Watson, however, would not say what further steps the office was taking to investigate. She also refused to state whether the office would send questionnaires to the more than 10,300 individuals who later updated their voting registration, as the Secretary of State’s Office had done for in its investigation of individuals who moved out of state prior to the November 2020 general election. But following completion of the investigation, the Secretary of State’s Office will present its findings to the state election board, which will determine the appropriate remedy and next steps, including whether prosecution is warranted.

The Secretary of State’s Office also refused to answer whether it had undertaken any investigation into the validity of these votes prior to certifying the election results, telling The Federalist that is not the right question and stressing that the Secretary of State’s Office focuses on rooting out fraud and that its role is not to contest elections.

However, two of President Trump’s attorneys in the Georgia election lawsuit told The Federalist that both before and after the election contest was filed, the Secretary of State’s Office refused all efforts to address this and other illegal categories of voting identified by the president’s legal team and hindered their attempts to contest the election and resolve serious concerns regarding illegal votes cast and counted on November 3, 2020.

Cleta Mitchell, now a senior legal fellow for election integrity at Conservative Partnership Institute, helped lead the Georgia challenge.
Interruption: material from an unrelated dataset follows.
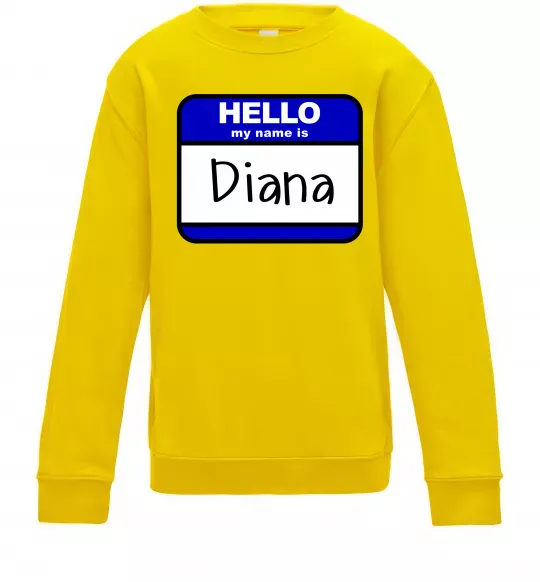 Дитячий світшот Hello my name is Diana Сонячно жовтий фото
She told me “the Georgia secretary of state completely stonewalled every allegation of illegal votes.” “He just kept saying, ‘We have information that disputes these claims,’” Mitchell added, referring to the Secretary of State’s Office, “but he never made that information available.”

The Secretary of State’s Office, however, maintained that the information Trump’s legal team sought was confidential voter information which they were prohibited by law from sharing. In response to Trump’s request to sit down and review the data, the Secretary of State’s Office said it would not sit down with the legal team to show why their data was wrong while the lawsuit was ongoing. Hilbert told me the “Secretary of State’s office stated repeatedly that ‘their data’ (super-secret data) is correct, and the president’s data is incorrect (without showing why or how — and never producing any data comparison).”

“Of course, that conclusion is now proving to be false as new data is vindicating what was alleged,” Hilbert told The Federalist, in reference to Davis’s May 2021 analysis confirming more than 10,300 of the voters updated their voter registrations indicating their move was permanent.